At home, Bengalis traditionally ate without silverware: kaţa (forks), chamoch (spoons), and chhuri (knives) gradually finding use on Bengali tables in urban areas. Most Bengalis eat with their right hand, mashing small portions of meat and vegetable dishes with rice and in some cases, lentils. In rural areas, Bengalis traditionally eat, sitting on the floor with a large banana or plantain leaf serving as the plate or plates made from sal leaves sown together and dried.

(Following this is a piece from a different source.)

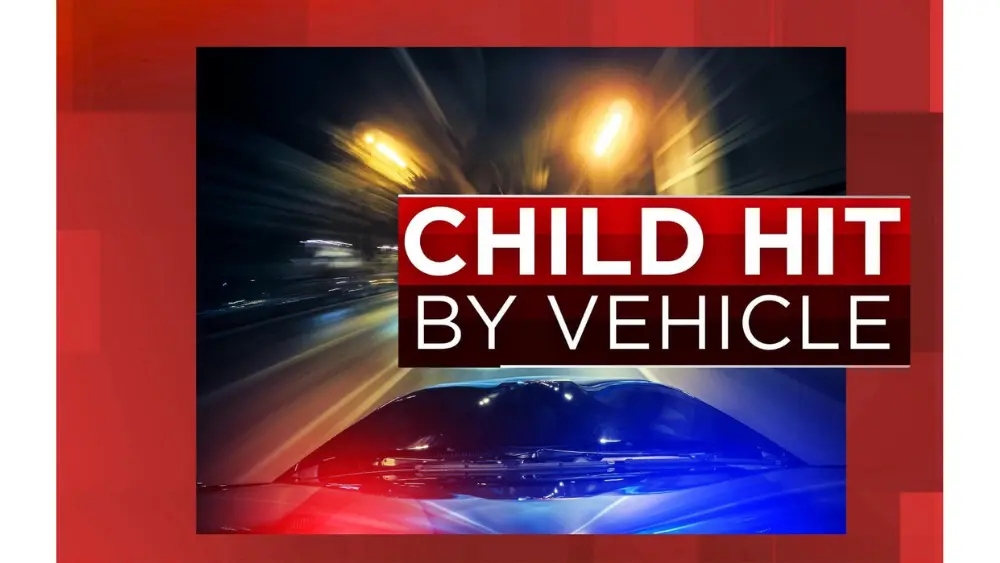 child-hit-by-vehicle-2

The elaborate dining habits of the Bengalis were a reflection of the attention the Bengali housewife paid to the kitchen. In modern times, thanks to Western influence, this is rarely followed any more. Courses are frequently skipped or combined with everyday meals. Meals were usually served course by course to the diners by the youngest housewives, but increasing influence of nuclear families and urbanisation has replaced this. It is now common to place everything on platters in the centre of the table, and each diner serves him/herself. Ceremonial occasions such as weddings used to have elaborate serving rituals, but professional catering and buffet-style dining is now commonplace. The traditions are far from dead, though; large family occasions and the more lavish ceremonial feasts still make sure that these rituals are observed.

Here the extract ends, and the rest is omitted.